Now Aleknas, like many other voters, is asking: "Why did I think that?" Indeed, the Camelot legacy is turning out to be one of Kennedy's biggest handicaps, as many voters learn that he is not living up to their mythic memories of his brothers. Said Aleknas: "I was looking at the name and not the man. I realize that now." Said Steelworker Allen: "Strength is what we're seeking, and you have to ask, 'How much strength does the man have?' " Tren Miller, 30, a high school science teacher in La Vista, Neb., had hoped that the "Kennedy excitement would come forth again. It didn't, and I've been disappointed. For someone who's been in politics as long as he has, he should be more articulate." Others were surprised at how ill-prepared Kennedy seemed at many appearances. Said Glenn Kinduell, 27, an industrial-cleanser salesman in Fort Wayne, Ind.: "He seems more mortal now."

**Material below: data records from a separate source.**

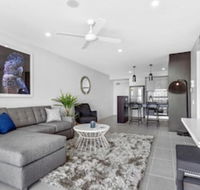 Direct Hotels - North Shore Kawana - Renee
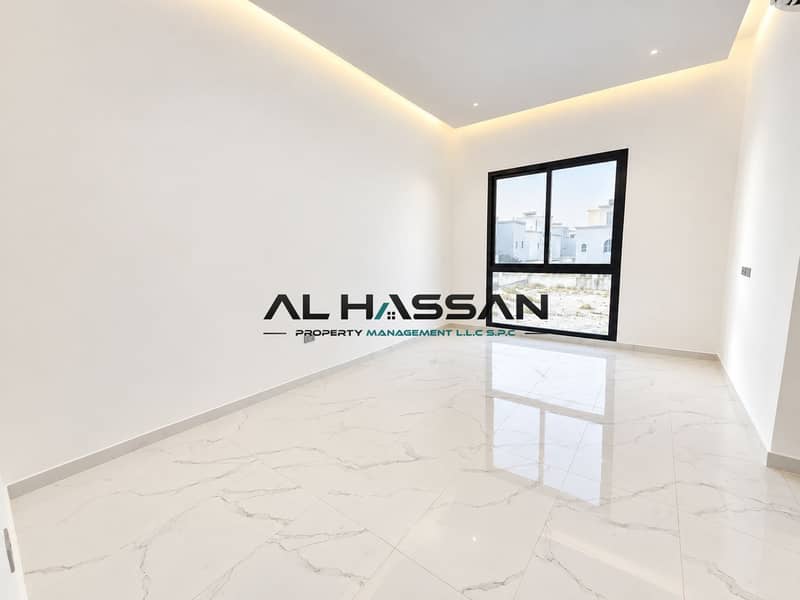 16 1001884956. png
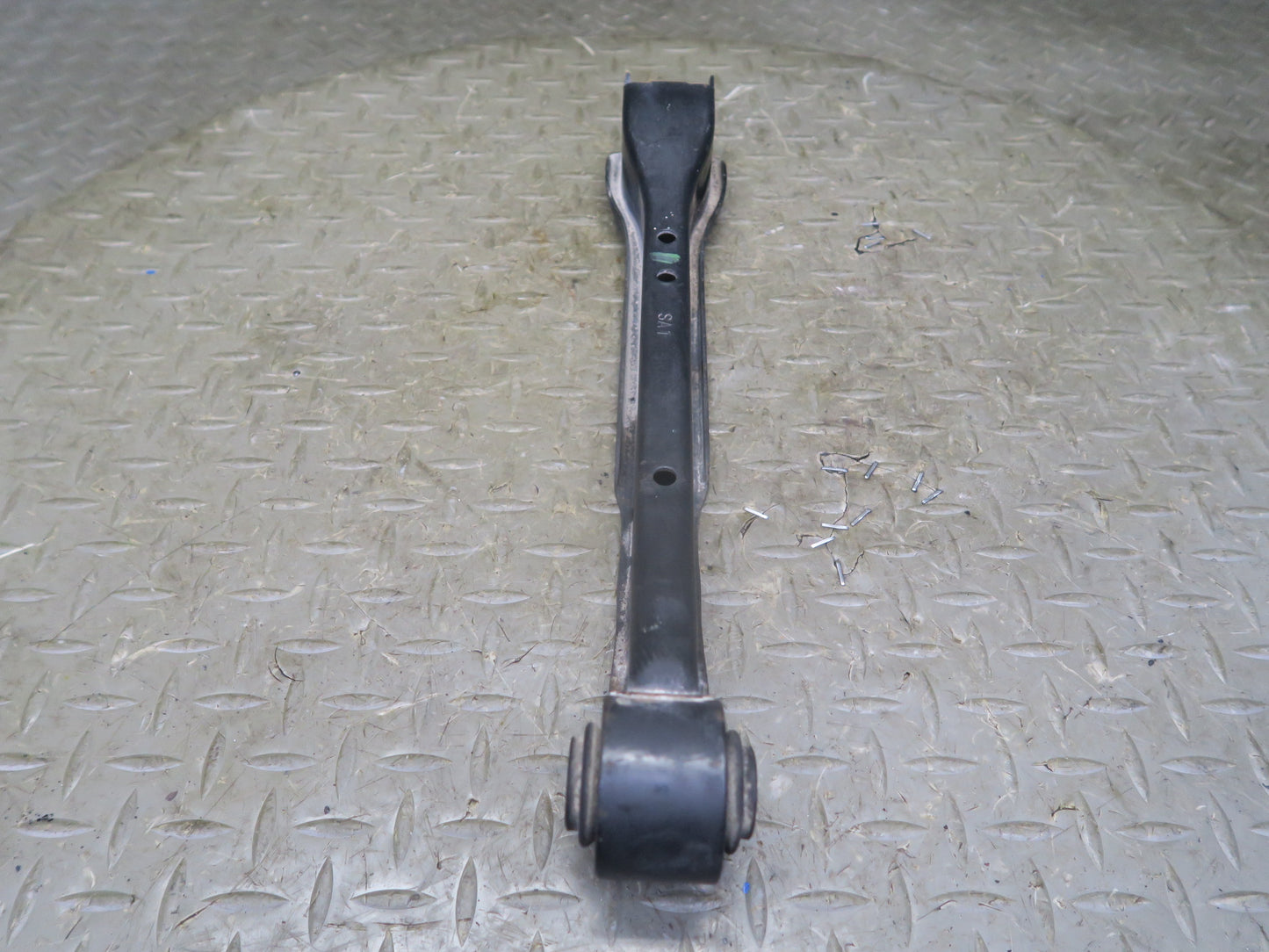 95-97 Nissan Gloria HY33 Rear Left Upper Lower Control Arm Set 60K Miles OEM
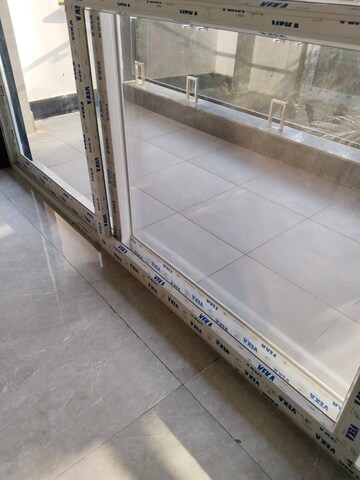 Balcony in 3 BHK Builder Floor at Sector 40 – for Rent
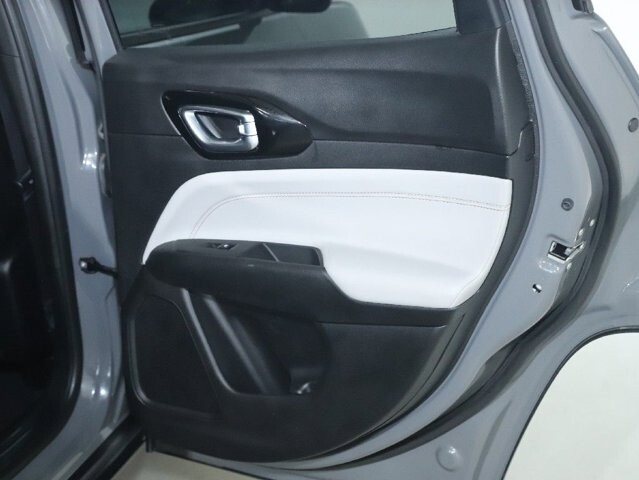 2023 Jeep Compass in Bedford, OH 44146 - 18129457 31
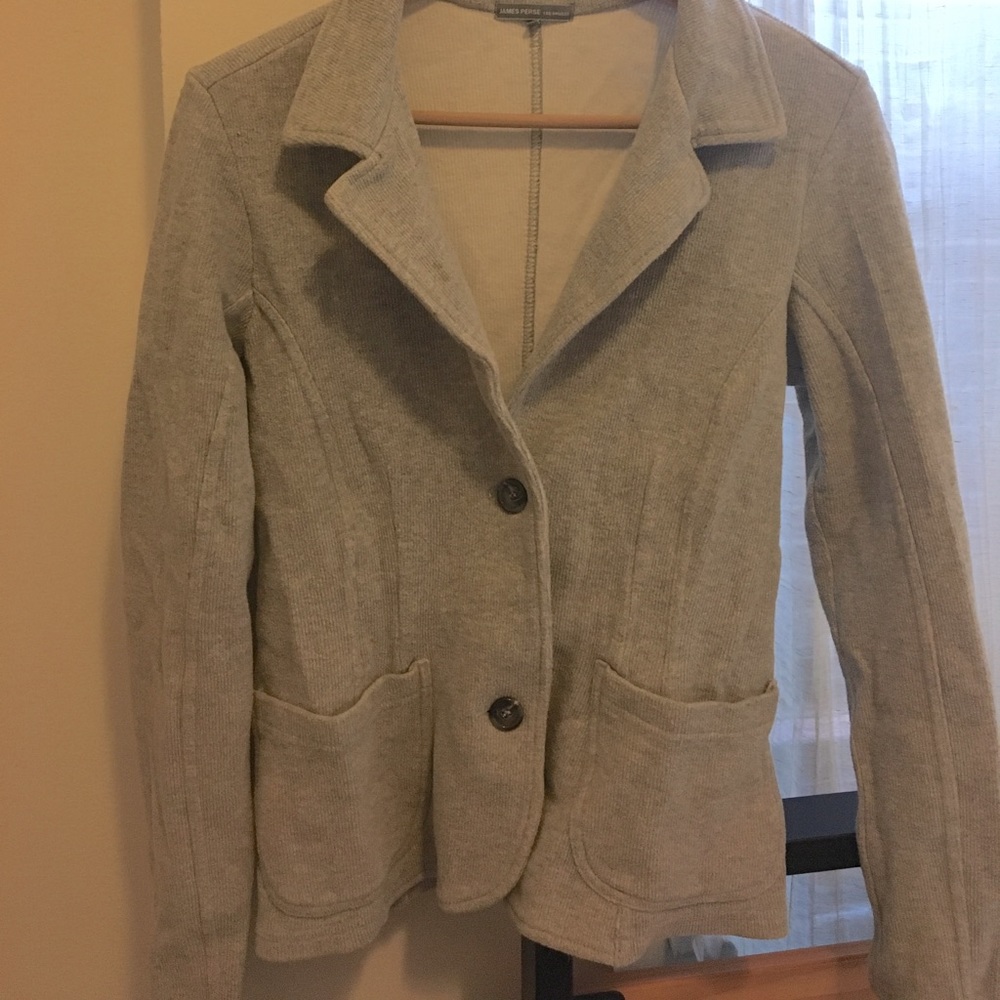 Soft and structured cotton blazer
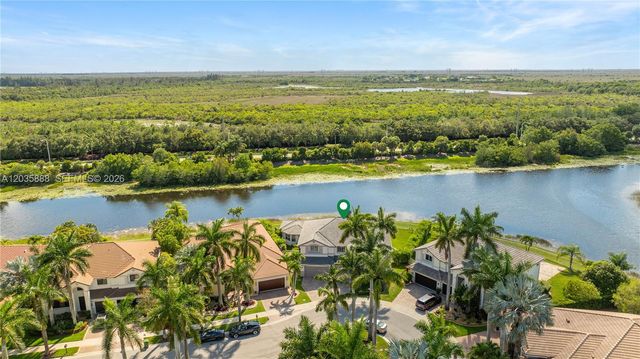 2505 Hunters Run Way, Weston, FL 33327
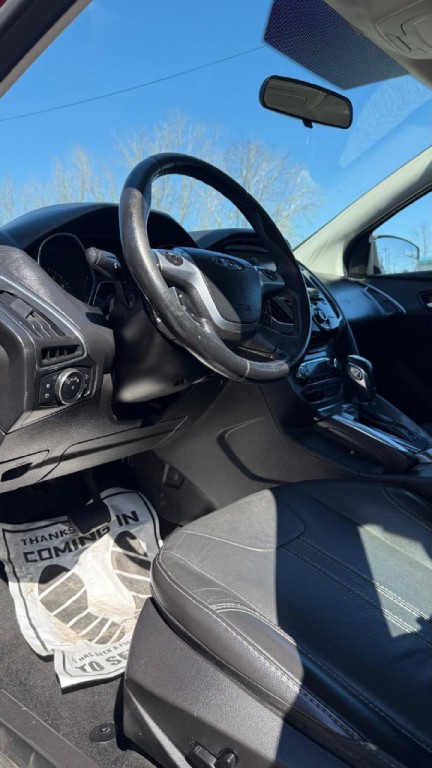 2013 Ford Focus Image 9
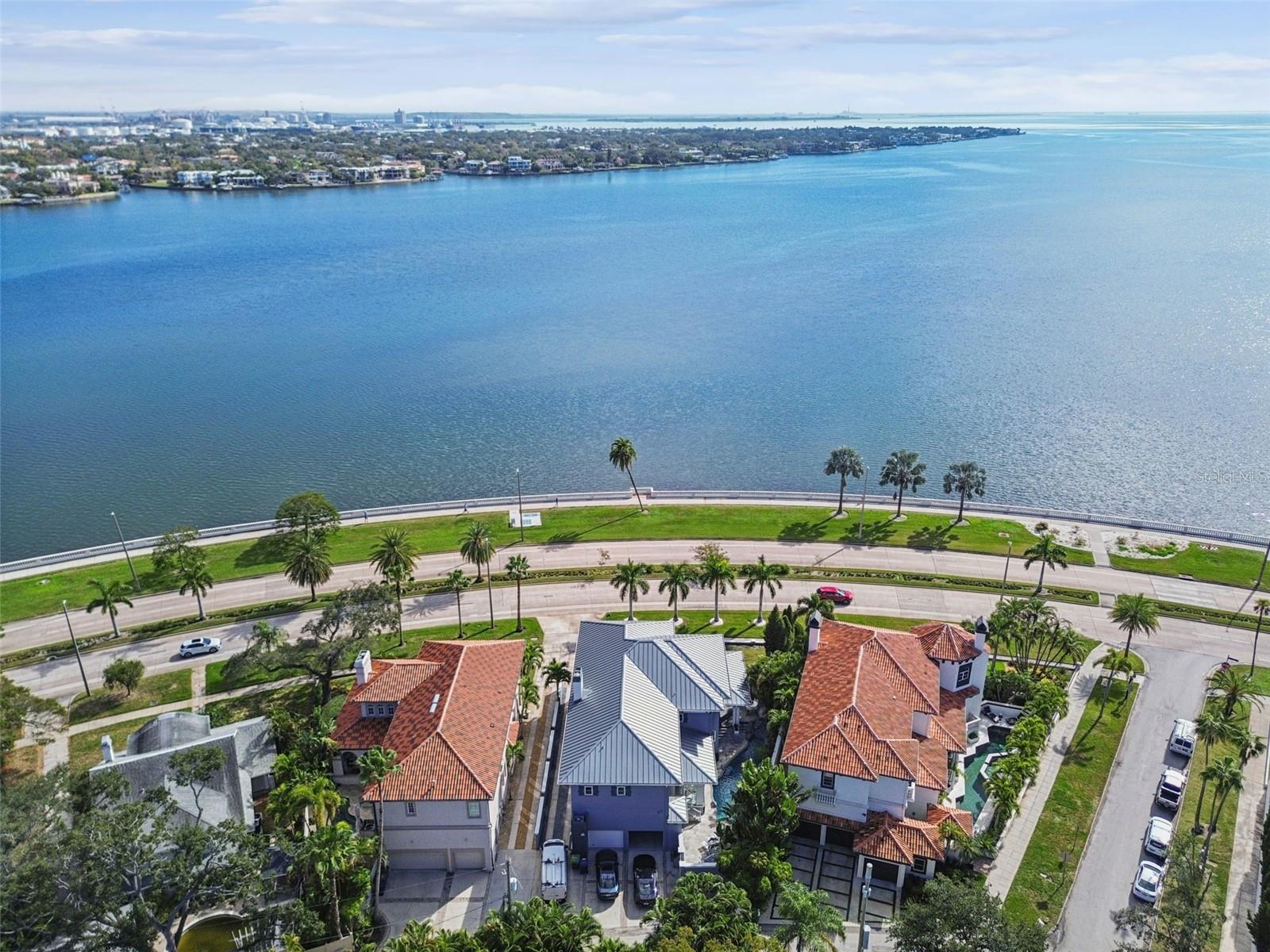 TB8461940 Property Photo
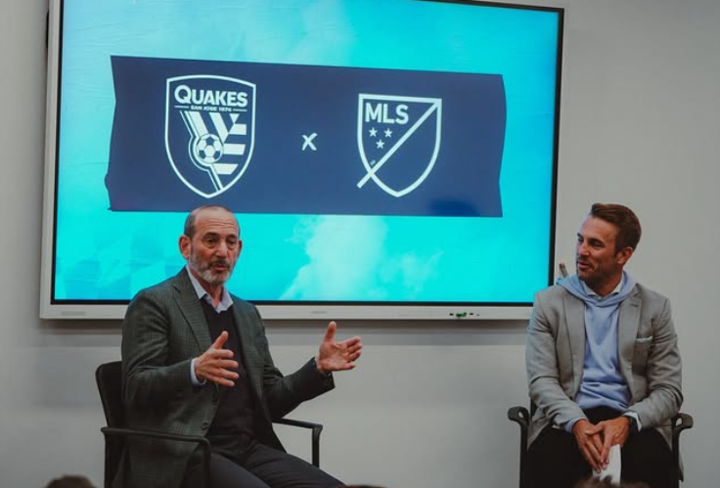 MLS 커미셔너 돈 가버(좌측)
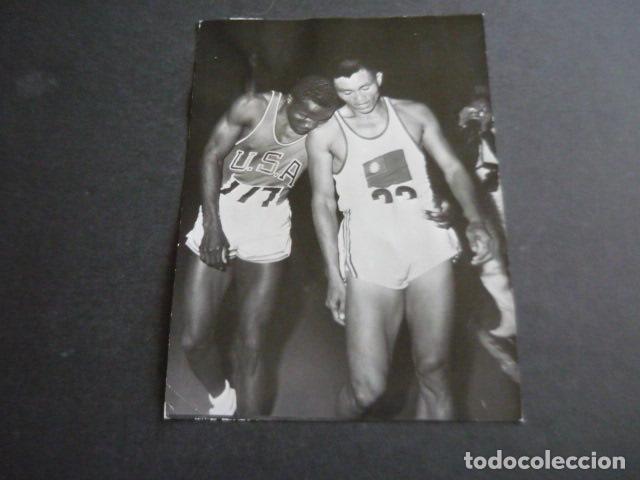 Collezionismo sportivo: JOHNSON JUGADOR DE BALONCESTO ANTIGUA FOTOGRAFIA ORIGINAL 18 X 13 CM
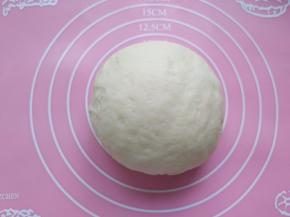 排气，揉圆，覆盖保鲜膜静置15分钟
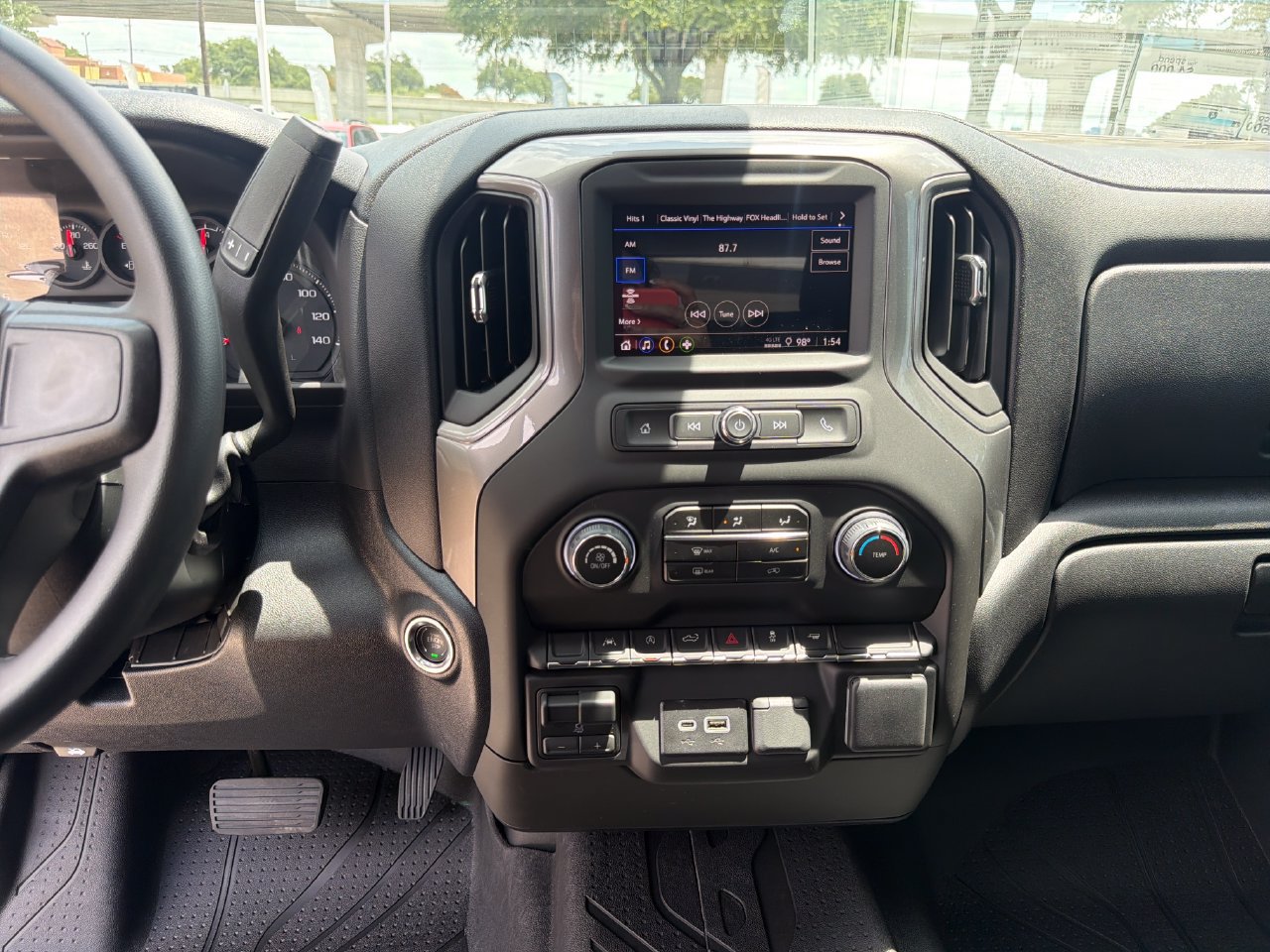 2026 Chevrolet Silverado 1500 Custom - Photo 18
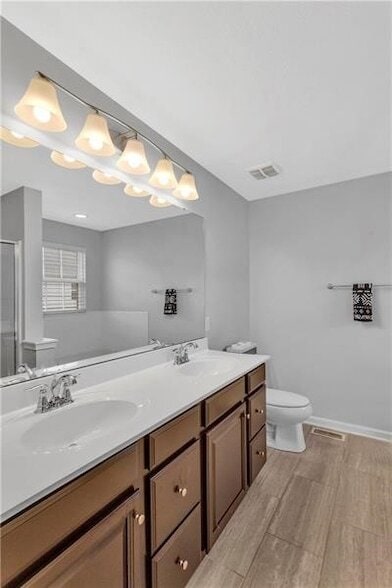 Building Photo - 1304 Pointe View Dr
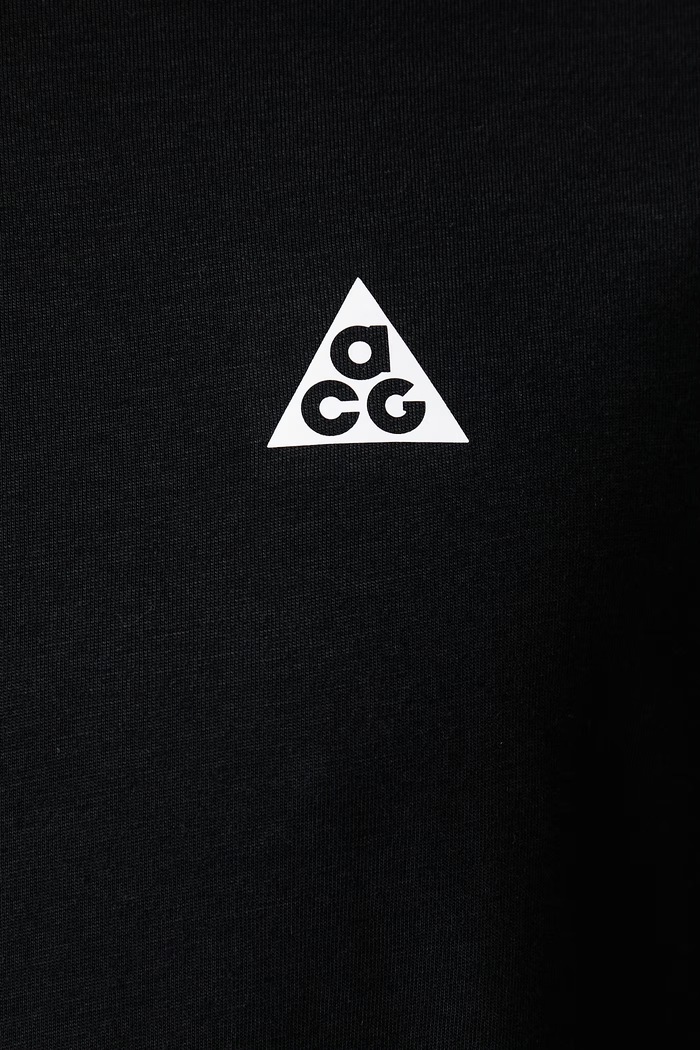 T-shirt do biegania męski ACG Solar Chase Nike Sportswear czarny IO9677.010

Many Kennedy backers began switching to Carter during the Iranian crisis. Said Detroit Air Traffic Clerk Betsy McCamman, 29: "It's not what Carter did, it's what he didn't do. He didn't overreact." Then Kennedy dismayed still other backers by attacking deposed Shah Mohammed Reza Pahlavi. To James Schroeder, 33, a hotel bellman in Fort Lauderdale, Fla., this was "dirty pool." Said he: "If anything, Kennedy should have attacked the militants. He should have supported the President." Complained Richard Maynard, 30, a high school social studies teacher in Philadelphia: "There was a move for national unity, and Kennedy wasn't in touch with that at all."